Pamiętam, jak któregoś dnia mój znajomy powiedział całkiem poważnie, że on nie chce być rodzicem, chciałby być od razu dziadkiem. Śmialiśmy się razem z tego żartu nie wiedząc wtedy jeszcze, jaki jest prawdziwy. Kiedy dziecko przychodzi na świat otwiera się przed nami milion nowych możliwości, wszystkie one osadzone są jednak w odpowiedzialności za maleńkiego człowieka, którego trzymamy w ramionach. A spoglądając na świeżo upieczonych dziadków dostrzec można ich radość i swobodę, pewnego rodzaju wolność w zabawie i budowanie relacji z dzieckiem na nieco innych zasadach.

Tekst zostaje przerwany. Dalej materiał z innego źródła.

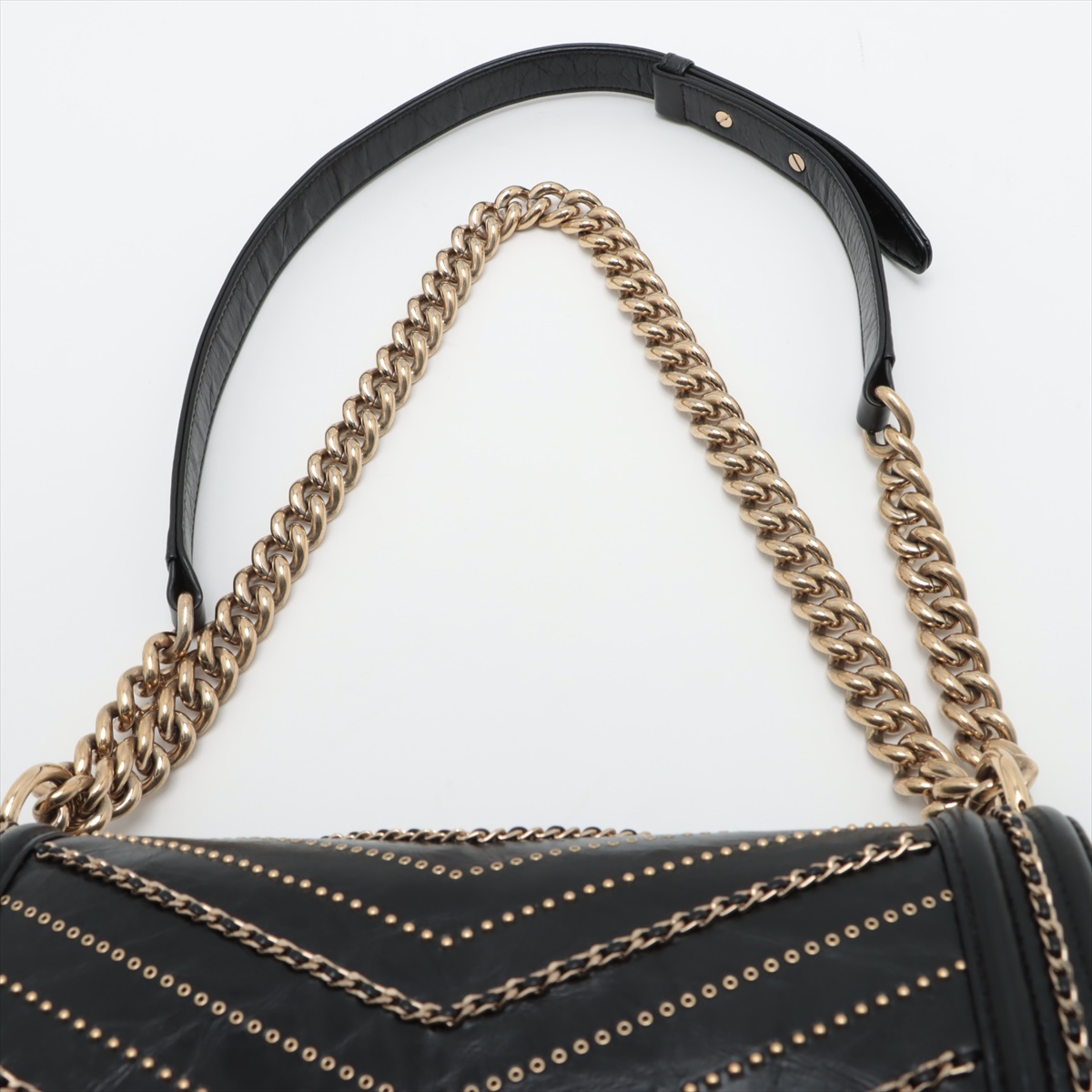 VINTAGE シャネル BOY CHANEL 25cm ブラック Chanel BOY CHANEL 25 Lambskin Chain Shoulder Bag Black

„Dziadkowie, piranie i inne historie” Rocio Bonilli (wyd. Papilon, 2021) to pięknie skrojona i zilustrowana opowieść widziana oczyma kilkuletniego chłopca. Narrator opowiada o swoim ukochanym dziadku Roderyku, który otwiera przed nim drzwi do nieskrępowanej wyobraźni. Razem spędzają piękne chwile włócząc się po mieście i galeriach sztuki, czytając książki, łowiąc ryby i bawiąc się w wesołym miasteczku. Dziadek daje wnuczkowi wiedzę i mądrość płynące z życiowego doświadczenia, chłopiec wspiera dziadka w obsłudze telefonu komórkowego i oswajaniu nowinek technologicznych. Razem tworzą duet mocny i niezwykle uroczy.
Koleżanki i koledzy z otoczenia chłopca także mają ciekawych dziadków i nietuzinkowe babcie – pan Antoni kiedyś budował meble, dziś tworzy domki dla ptaków. Dziadek Martusi regularnie czyta gromadzie dzieci wiadomości prasowe za każdym razem wzbudzając w nich zaskoczenie światem. Babcia Rity – pani Marcelina przychodzi czasem z wnuczką na podwieczorek i… zakochuje się w dziadku Roderyku. Z wzajemnością!
Barcelońska autorka wielokrotnie pokazała czytelnikom, że pisane i ilustrowane przez nią książki są uniwersalne, umiejętnie dotykając rzeczy ważnych. Także i tym razem Rocio Bonilla subtelnie snuje opowieść o więzi międzypokoleniowej, budowanej na mocnej podstawie. Chłopca i jego dziadka dzieli wiele lat, jednak jest to sprawa zupełnie drugorzędna wobec siły ich przyjaźni. I to właśnie owa rodzinna moc oraz głęboka i niepowtarzalna relacja staje się fundamentem na całe życie – także w perspektywie nieuniknionego pożegnania.